BENCI JOKOWI
Ekspektasi
publik pada pemerintahan Jokowi rupanya tak seindah ketika euforia masa
kampanye dan ‘pesta rakyat.’ Gaduhnya ruang politik yang pada akhirnya menyeret
ke ranah hukum, membuat rakyat dari berbagai penjuru merespon atas ketidakpuasan
mereka. Paling ramai menyita perhatian publik, adalah penangkapan Bambang
Widjojanto, petinggi KPK oleh POLRI, efek domino penetapan tersangka Budi
Gunawan, calon tunggal KAPOLRI.
Namun,
respon Jokowi terkesan lambat dalam menghentikan laju bola panas yang bergulir.
Akibatnya, ia hanya melakukan penundaan pelantikan BG, setelah lolos fit and proper test DPR. Setelah timbul
buntut penangkapan BW, Jokowi pun hanya mengeluarkan pernyataan yang membuat
dahi berkenyit, dan menelan ludah, “Jangan ada kriminalisasi.” Pernyataan yang
akhirnya membuat BW dibebaskan.
Baiklah,
mari berandai. Berandai, memang tak baik. Namun, setidaknya, kita bisa merunut
dari mana sengkarut ini bermula. Awalnya,
Jokowi menetapkan BG sebagai calon Kapolri tunggal. Tanpa pelibatan KPK dan
PPATK dalam pemilihannya. Tentu, ada yang tidak beres. Saat pemilihan menteri,
BG mendapat rapor merah dari KPK, ia tak lolos. Tidak mungkin Jokowi tidak
mengetahui hal ini. Lalu, kenapa ia justru memajukannya dalam pencalonan
sebagai Kapolri, calon tunggal! Padahal, Kapolri Sutarman masih aktif, dan
belum memasuki masa purna jabatan. Agaknya, Jokowi melalui tebing terjal, dalam
keputusan ini. Seperti yang sudah saya bahas pada tulisan sebelumnya, (AWAN
MENDUNG BIROKRASI JOKOWI http://tfrozak.blogspot.com/2015/01/awan-mendung-birokrasi-jokowi.html).
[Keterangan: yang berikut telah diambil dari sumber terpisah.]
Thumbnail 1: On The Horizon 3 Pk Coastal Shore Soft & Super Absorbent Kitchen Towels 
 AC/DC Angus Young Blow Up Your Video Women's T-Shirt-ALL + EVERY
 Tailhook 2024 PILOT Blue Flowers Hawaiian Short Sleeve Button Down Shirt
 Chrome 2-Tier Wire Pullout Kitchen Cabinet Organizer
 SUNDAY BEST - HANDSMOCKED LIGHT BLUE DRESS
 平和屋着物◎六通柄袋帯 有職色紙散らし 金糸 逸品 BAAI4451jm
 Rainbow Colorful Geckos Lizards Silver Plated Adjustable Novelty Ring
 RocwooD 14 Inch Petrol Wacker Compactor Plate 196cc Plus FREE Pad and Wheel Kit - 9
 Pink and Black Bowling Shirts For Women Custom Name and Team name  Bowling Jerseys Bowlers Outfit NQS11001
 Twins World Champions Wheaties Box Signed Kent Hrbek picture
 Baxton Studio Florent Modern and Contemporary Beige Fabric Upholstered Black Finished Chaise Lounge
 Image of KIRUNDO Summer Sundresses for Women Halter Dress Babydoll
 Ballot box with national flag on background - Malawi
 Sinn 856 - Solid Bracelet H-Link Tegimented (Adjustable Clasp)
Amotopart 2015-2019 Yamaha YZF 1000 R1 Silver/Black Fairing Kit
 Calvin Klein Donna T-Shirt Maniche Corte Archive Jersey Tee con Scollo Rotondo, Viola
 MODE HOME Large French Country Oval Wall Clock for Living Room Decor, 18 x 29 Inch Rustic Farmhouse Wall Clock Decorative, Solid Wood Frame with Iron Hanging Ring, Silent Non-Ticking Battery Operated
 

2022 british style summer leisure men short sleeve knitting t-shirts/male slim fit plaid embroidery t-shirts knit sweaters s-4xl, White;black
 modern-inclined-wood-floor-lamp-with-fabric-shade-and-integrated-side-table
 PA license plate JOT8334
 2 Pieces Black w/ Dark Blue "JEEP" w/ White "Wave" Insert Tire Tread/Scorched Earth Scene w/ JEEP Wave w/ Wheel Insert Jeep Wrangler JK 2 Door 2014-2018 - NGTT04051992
Kompromi politik yang dilalui Jokowi, tidak mudah. Ia harus menghadapi ‘nyonya
tua’ sebagai bentuk takdzimnya yang telah memberinya kesempatan dalam
pencalonan Presiden. Namun, Jokowi harusnya sadar, rakyatlah yang memilihnya.
Rakyatlah, yang mengantarkan ia sebagai orang nomor satu di Indonesia saat ini.
Nyonya tua memang memberikannya kesempatan, namun andai rakyat tak memberinya kemenangan?
Andai, Jokowi mampu membuktikan ucapannya, kala memilih para menteri, memilih
Jaksa Agung, Kapolri, dan Wantimpres, yang pada masa bulan madu ia katakan tak
akan bagi-bagi kursi. Tak terjadi sirkus politik, dan pada gilirannya, memakan
korbannya, BW. Andai, Jokowi berani
melawan rongrongan partai pendukungnya, dan melihat keniscayaan dukungan
rakyat. KPK saja dibela, apalagi di Presidennya (?) Andai, Jokowi tak menunjuk
BG, andai.
Respon
lamban Jokowi, meski telah membentuk Tim 9 yang terdiri dari berbagai lapisan
tokoh masayarakat, sebagai tindak lanjut kisruh KPK-Polri, tidak berdampak
besar. Dikotomi terasa dalam masyarakat, khususnya yang memilih Jokowi dalam
pemilihan Presiden. Ada yang masih tetap membela, ada pula yang akhirnya
mencela. Membela karena ia yakin, Jokowi akan menghasilkan putusan yang baik,
mencela karena ia tak puas atas kebijakan yang dikeluarkan Presiden.
Kedua-duanya tak baik. Membela, jika buta, tanpa melihat realita, tentu tak
akan membawa perubahan, gampangnya, berkata benar, bukan yang membenarkan kata
(Presiden). Mencela, jika didasari dengan benci, tanpa spirit untuk
memperbaiki, jelas membawa dampak destruktif.
Bukankah, Ghandi
telah mengajarkan kita, melakukan segalanya atas dasar cinta, karena itulah
yang akan membuat kita, untuk melakukan sesuatu, tanpa pretensi. Seharusnya,
begitu pula, apa yang dimiliki para petinggi parpol, politisi, penegak hukum,
Paloh, Mega. Karena cinta, tak akan ada bagi kursi, karena cinta, tak akan ada
politisasi, karena cinta, rakyat sejahtera. Seperti tembang Koes Ploes, “Cinta
Mulia.” Begitulah, apa yang perlu dipupuk oleh rakyat, menuju negeri penuh
cinta. Maka, siapapun yang mencela atas dasar benci, tanpa kritik yang
membangun dan solutif, agaknya, perlu ditunda dulu, membencinya, mari, sembari
menunggu Jokowi sarapan sebutir cinta ceplok, tundalah benci.